For each entry, return the text exactly and omit any image.

■ **Scraped caption text data**

::::

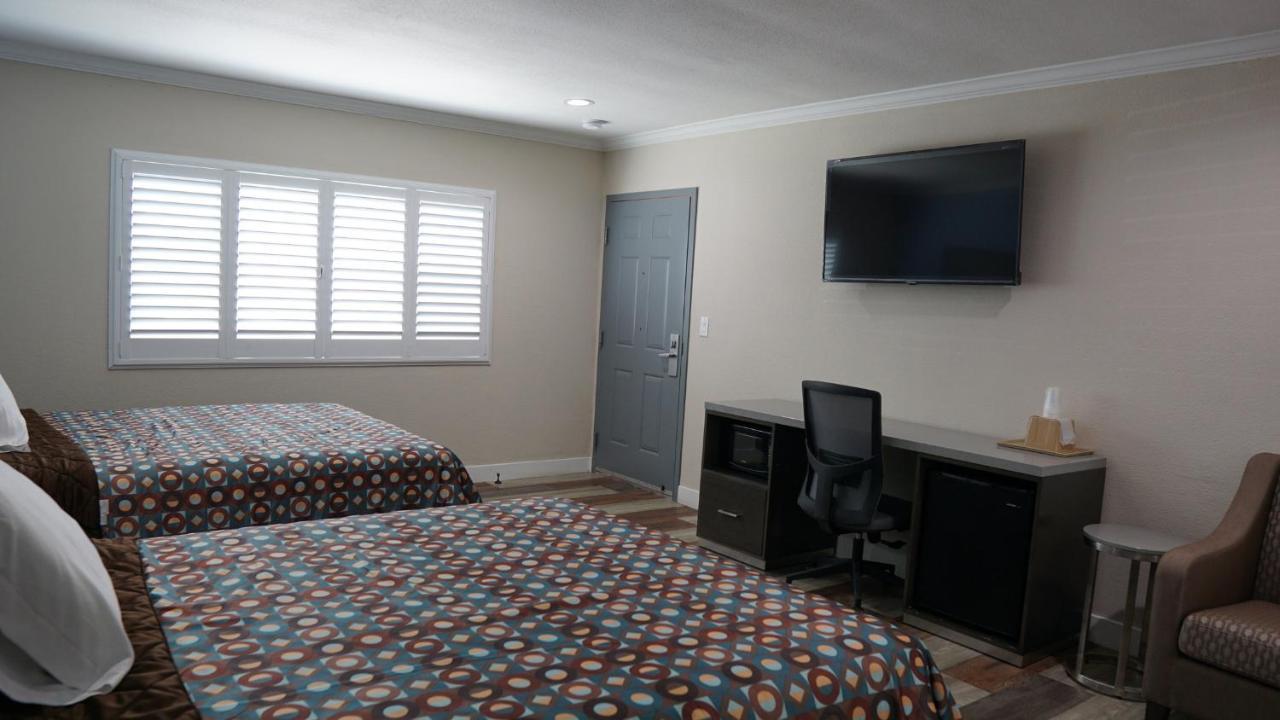 Sea Breeze Inn - Lax Airport, Los Angeles Inglewood Esterno foto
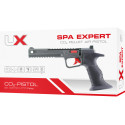 Pistolet Umarex Spa Expert Co2 Calibre 4.5 mm 3 j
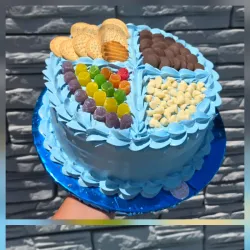 🎂Pastel 4 Estaciones -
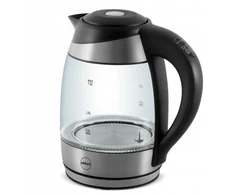 Virdulys Eldom Elektrinis virdulys Z REGULACJĄ TEMPERATURY 1,8L Belaidis 2200W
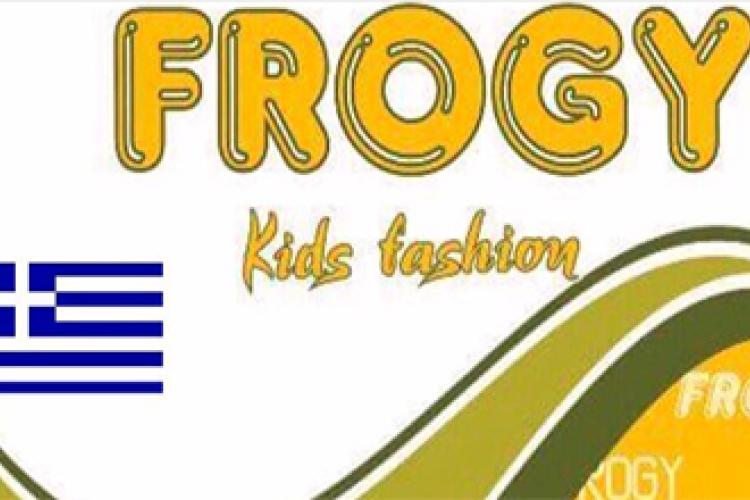 Frogy kids fashion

::::

■ **Task answer**
 Sea Breeze Inn - Lax Airport, Los Angeles Inglewood Esterno foto
 Pistolet Umarex Spa Expert Co2 Calibre 4.5 mm 3 j
 🎂Pastel 4 Estaciones -
 Virdulys Eldom Elektrinis virdulys Z REGULACJĄ TEMPERATURY 1,8L Belaidis 2200W
 Frogy kids fashion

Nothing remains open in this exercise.